In [*]: F(mind)

Doctoral Researcher / Teacher Assistant @ uni.lu

Freelance / Data Scientist Mentor @ OpenClassrooms

I work on Android Security, Big Data and Machine Learning

Bridging the gap between Python and Jupyter

Jupyter is an amazing interactive environment that every developer should know about !

It should not be a surprise that Jupyter received an ACM Software System Award in 2018.

Or that Nature explained Why Jupyter is data scientists’ computational notebook of choice.

However, some users found that Jupyter does not encourage best coding practices:

How can we write good code with Jupyter and integrate it with the rest of Python ecosystem ?

In this article, I present a simple solution to generate and reload Python code from Jupyter notebooks.

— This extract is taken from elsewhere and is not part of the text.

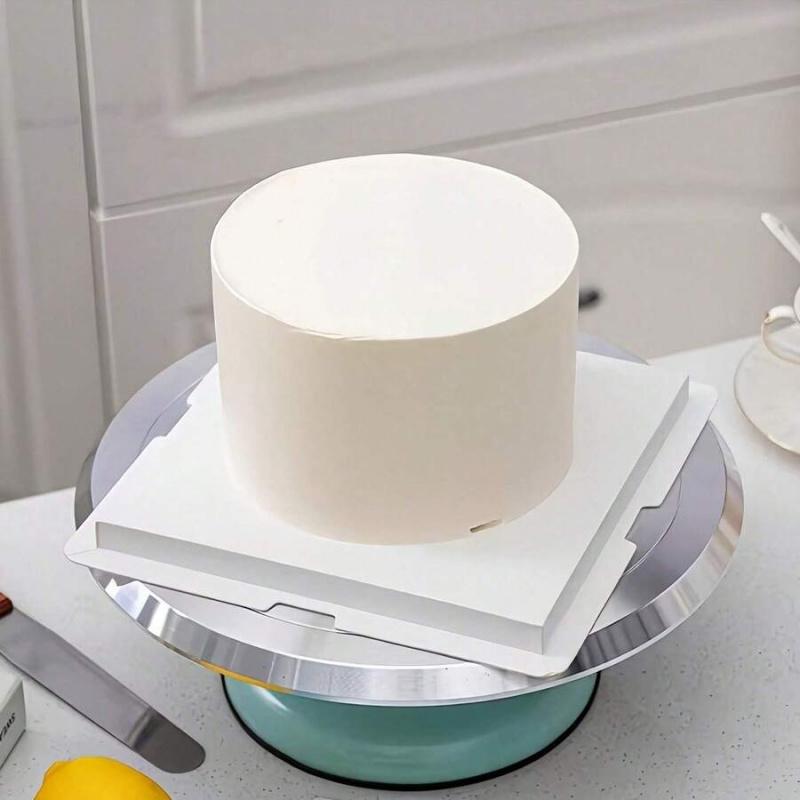 This aluminum cake turntable features 360-degree rotation, a non-slip base, and a heavy-duty smooth rotating stand. Suitable for 4-8 inch cakes, it's ideal for cake decorating, baking, and frosting preparation.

I also explain the pros and cons of using this technique compared to other development environments.

Requirements

  • nbconvert: an utility that converts Jupyter notebook (.ipynb) to other formats (.py, .pdf, .html ...)
  • jupyterlab: an editing environment for Jupyter notebook with additional features (tabs, settings, ...)

You can install these requirements with the following command:

$ pip3 install --user nbconvert jupyterlab

I also provide a layer that integrates this configuration to an existing Python project.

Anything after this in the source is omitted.